Provenance and Web Architecture
From XG Provenance Wiki
This document discusses possibilities to integrate provenance into the Web architecture. For this discussion we assume the existence of a vocabulary to describe provenance.
Some background for this topic:
- A presentation discussing possible approaches to situate provenance on the Web architecture
- A discussion with the W3C Team on Provenance and Web architecture
Integrating Provenance in the HTTP Request/Response Access Pattern
This section discusses possibilities to expose provenance information about Web resources as part of the HTTP based message exchange with which these resources can be accessed.

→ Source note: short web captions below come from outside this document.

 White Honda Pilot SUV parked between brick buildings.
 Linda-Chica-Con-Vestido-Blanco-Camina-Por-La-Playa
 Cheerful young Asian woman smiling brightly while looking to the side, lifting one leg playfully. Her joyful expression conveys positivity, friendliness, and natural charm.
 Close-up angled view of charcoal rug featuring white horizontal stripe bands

According to the Web architecture, an HTTP server serves representations of Web resources. These resources might be static documents (i.e. files on the server), but, they can also be dynamically generated documents. Each resources has a URL. When an HTTP client does an HTTP GET request on that URL, the server responds with a representation of the resource referred to by the URL. This representation can be understood as a specific (negotiable) serialization that represents a specific state of the resource. Negotiation can be done on three dimensions: media type, encoding (i.e. charset), and language.

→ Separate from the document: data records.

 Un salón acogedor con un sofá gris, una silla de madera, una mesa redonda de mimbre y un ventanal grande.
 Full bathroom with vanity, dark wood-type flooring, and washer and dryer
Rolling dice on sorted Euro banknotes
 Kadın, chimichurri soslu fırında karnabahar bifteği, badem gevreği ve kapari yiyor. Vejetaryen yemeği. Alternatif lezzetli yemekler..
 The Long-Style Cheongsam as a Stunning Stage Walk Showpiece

We aim to extend this access pattern in a way that enables clients to access provenance information about the retrieved representation and the represented Web resource.
Subject of Provenance Information
The provenance information could be about the Web resource. This option might be problematic because Web resources may change over time. Nonetheless, some provenance statements always hold, irrespective of the state of a Web resource. Note, OPM in its current form cannot be used to represent this kind of provenance because OPM focuses on "immutable pieces of state."
The provenance information could be about the representation of the Web resource. Each representation served by an HTTP server may have a unique provenance; this holds in particular for representations that are created on the fly. However, representations of the same state of a Web resource have at least some provenance information in common.
The provenance information could be about the state of the Web resource. While this option ignores the creation of the representation that the HTTP server actually serves, it might be more feasible for passing provenance by reference (see below) because it may avoid establishing a provenance record for each representation served.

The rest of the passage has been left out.